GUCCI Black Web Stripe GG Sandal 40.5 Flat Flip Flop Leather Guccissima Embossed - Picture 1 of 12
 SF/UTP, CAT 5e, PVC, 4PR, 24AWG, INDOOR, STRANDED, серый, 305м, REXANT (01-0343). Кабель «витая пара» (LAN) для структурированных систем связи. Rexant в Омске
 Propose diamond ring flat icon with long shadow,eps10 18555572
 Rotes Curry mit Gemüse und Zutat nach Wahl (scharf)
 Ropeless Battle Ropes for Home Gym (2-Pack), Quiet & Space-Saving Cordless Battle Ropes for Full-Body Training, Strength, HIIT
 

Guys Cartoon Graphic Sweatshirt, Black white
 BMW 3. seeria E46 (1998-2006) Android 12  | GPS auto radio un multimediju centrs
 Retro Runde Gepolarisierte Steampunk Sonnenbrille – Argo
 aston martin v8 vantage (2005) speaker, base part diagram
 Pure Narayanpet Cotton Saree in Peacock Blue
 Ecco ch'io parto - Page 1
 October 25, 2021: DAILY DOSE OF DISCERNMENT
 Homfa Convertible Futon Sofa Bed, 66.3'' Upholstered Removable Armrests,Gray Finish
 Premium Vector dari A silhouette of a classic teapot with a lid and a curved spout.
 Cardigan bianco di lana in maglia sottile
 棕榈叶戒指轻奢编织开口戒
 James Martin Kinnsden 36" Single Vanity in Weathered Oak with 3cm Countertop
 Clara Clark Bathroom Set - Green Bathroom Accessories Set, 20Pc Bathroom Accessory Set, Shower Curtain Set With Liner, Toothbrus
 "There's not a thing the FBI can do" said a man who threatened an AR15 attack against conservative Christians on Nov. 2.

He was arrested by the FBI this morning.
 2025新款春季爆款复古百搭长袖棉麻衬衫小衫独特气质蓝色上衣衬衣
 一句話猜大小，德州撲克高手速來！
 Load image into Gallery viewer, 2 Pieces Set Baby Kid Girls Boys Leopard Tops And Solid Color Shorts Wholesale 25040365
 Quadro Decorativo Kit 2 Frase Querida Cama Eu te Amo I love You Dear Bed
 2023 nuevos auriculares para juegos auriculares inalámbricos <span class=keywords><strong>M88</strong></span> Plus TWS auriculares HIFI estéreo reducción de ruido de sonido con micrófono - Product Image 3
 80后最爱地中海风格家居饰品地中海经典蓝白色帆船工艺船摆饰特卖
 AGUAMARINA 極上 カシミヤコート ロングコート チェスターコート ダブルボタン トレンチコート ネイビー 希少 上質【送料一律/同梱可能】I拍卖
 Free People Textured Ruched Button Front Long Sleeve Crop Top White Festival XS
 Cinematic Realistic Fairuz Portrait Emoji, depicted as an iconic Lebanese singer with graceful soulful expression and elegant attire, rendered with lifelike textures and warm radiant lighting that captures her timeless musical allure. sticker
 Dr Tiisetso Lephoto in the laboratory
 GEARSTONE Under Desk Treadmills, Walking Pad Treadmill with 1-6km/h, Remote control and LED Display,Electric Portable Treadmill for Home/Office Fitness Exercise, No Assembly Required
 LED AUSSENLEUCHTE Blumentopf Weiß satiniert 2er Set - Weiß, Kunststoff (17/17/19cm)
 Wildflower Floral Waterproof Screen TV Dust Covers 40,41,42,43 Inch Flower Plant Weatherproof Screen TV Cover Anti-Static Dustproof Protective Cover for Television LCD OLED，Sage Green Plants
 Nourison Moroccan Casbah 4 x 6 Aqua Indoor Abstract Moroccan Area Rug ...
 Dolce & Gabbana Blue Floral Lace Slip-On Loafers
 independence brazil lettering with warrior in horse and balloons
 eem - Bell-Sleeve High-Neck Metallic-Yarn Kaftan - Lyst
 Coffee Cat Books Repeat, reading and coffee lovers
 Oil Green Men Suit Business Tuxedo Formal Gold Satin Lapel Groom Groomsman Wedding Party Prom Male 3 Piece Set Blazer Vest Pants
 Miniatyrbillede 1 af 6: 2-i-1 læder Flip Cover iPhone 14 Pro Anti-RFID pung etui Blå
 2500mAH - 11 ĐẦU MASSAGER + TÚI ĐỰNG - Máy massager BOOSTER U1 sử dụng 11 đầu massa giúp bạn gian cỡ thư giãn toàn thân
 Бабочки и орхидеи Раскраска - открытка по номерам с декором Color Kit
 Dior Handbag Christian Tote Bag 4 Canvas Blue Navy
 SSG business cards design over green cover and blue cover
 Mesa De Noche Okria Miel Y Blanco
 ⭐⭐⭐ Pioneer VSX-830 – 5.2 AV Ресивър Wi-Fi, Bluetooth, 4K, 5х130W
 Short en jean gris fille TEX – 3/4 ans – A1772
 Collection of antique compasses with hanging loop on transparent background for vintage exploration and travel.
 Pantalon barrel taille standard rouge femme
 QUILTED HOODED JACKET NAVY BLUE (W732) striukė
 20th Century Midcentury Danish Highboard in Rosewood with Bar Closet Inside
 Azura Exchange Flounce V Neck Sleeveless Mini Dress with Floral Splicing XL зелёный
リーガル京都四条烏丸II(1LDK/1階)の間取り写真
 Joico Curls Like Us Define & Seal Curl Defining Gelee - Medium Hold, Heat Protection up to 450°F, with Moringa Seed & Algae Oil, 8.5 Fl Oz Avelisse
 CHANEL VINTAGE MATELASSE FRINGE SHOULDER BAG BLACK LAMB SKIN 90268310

★ ★ ★ ★

What is expected
Quote, word for word, every line from the top of the entries through the line that holds "一句話猜大小，德州撲克高手速來！".

Solution to this exercise
GUCCI Black Web Stripe GG Sandal 40.5 Flat Flip Flop Leather Guccissima Embossed - Picture 1 of 12
 SF/UTP, CAT 5e, PVC, 4PR, 24AWG, INDOOR, STRANDED, серый, 305м, REXANT (01-0343). Кабель «витая пара» (LAN) для структурированных систем связи. Rexant в Омске
 Propose diamond ring flat icon with long shadow,eps10 18555572
 Rotes Curry mit Gemüse und Zutat nach Wahl (scharf)
 Ropeless Battle Ropes for Home Gym (2-Pack), Quiet & Space-Saving Cordless Battle Ropes for Full-Body Training, Strength, HIIT
 

Guys Cartoon Graphic Sweatshirt, Black white
 BMW 3. seeria E46 (1998-2006) Android 12  | GPS auto radio un multimediju centrs
 Retro Runde Gepolarisierte Steampunk Sonnenbrille – Argo
 aston martin v8 vantage (2005) speaker, base part diagram
 Pure Narayanpet Cotton Saree in Peacock Blue
 Ecco ch'io parto - Page 1
 October 25, 2021: DAILY DOSE OF DISCERNMENT
 Homfa Convertible Futon Sofa Bed, 66.3'' Upholstered Removable Armrests,Gray Finish
 Premium Vector dari A silhouette of a classic teapot with a lid and a curved spout.
 Cardigan bianco di lana in maglia sottile
 棕榈叶戒指轻奢编织开口戒
 James Martin Kinnsden 36" Single Vanity in Weathered Oak with 3cm Countertop
 Clara Clark Bathroom Set - Green Bathroom Accessories Set, 20Pc Bathroom Accessory Set, Shower Curtain Set With Liner, Toothbrus
 "There's not a thing the FBI can do" said a man who threatened an AR15 attack against conservative Christians on Nov. 2.

He was arrested by the FBI this morning.
 2025新款春季爆款复古百搭长袖棉麻衬衫小衫独特气质蓝色上衣衬衣
 一句話猜大小，德州撲克高手速來！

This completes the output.